# Mosquito Lake Crappies



## oarfish (May 12, 2004)

Had fun catching the fish today in the shallows. Nice batch of 10.5"-11.5"- ers and one almost 14". All agressively hitting the fly so I had to hang on, not to have the flyrod jerked out of my hand.
Also a lazy carp caught in the 50 degree water. Also hooked up with some decent bluegills a but let them go at the end.


----------



## nicklesman (Jun 29, 2006)

Seen you out there looked like a blast. I wound up with 21 and a few nice bass. Good job there and good fishing

posted using Outdoor Hub Campfire


----------



## cmz13 (Apr 7, 2013)

nice crappies!


----------



## dbd31463 (Jun 24, 2012)

Very nice. I fished on the causeway tonight and it was packed. It seemed like they were hitting in spurts once the sun got low enough.
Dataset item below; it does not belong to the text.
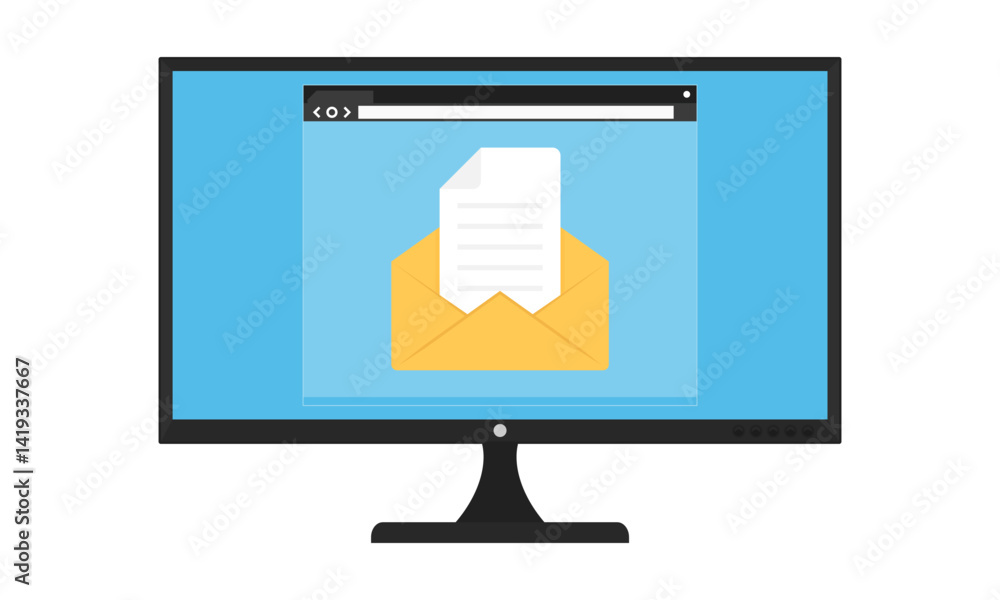 Fototapete email notification on computer screen. minimalist flat style vector illustration depicting a compute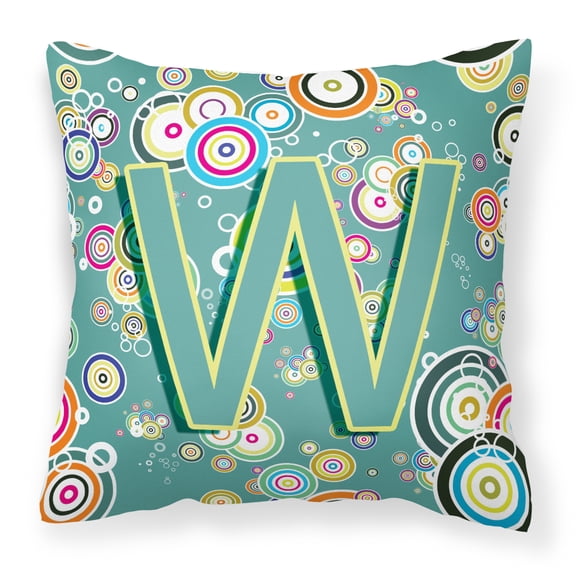 Carolines Treasures CJ2015-WPW1414 Letter W Circle Circle Teal Initial Alphabet Canvas Fabric Decorative Pillow 14Hx14W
I wasn't prepared for night fishing so I left about 9:00. Brought home a few slabs so I was happy.


----------



## MuskieManOhio (Jun 29, 2008)

Nice what fly did u get them on


----------



## oarfish (May 12, 2004)

MuskieManOhio said:


> Nice what fly did u get them on


A "wooly bugger" type fly that I tie myself (have no picture right now).
A nymph will work just as well but the water was kinda murky so I used a slightly fatter dark or white colored bugger, tied on a #8- 10 hook with some flash for visibility. Swimming it about a foot bellow the surface. They were nailing it hard sideway (I noticed the few times I saw the fish flashing).


----------



## gold jc (Apr 16, 2009)

what was the water temperature?


----------



## oarfish (May 12, 2004)

gold jc said:


> what was the water temperature?


49 degrees mid morning, 56 degrees by evening in 2' of water.


----------



## BigQ (Apr 8, 2008)

How the bites for crappies???


----------



## oarfish (May 12, 2004)

BigQ said:


> How the bites for crappies???


The Crappies tasted great fried as I was biting on them.


----------



## BigQ (Apr 8, 2008)

Okay let me put it like this...Have the crappies bite pick up???


----------



## steelhead1 (May 14, 2004)

BigQ said:


> Okay let me put it like this...Have the crappies bite pick up???


Hit and miss with this up and down weather.

Last Saturday we did awesome, Sunday not one bite.

This weekend (heading up after work today) should be interesting.


----------



## oarfish (May 12, 2004)

BigQ said:


> Okay let me put it like this...Have the crappies bite pick up???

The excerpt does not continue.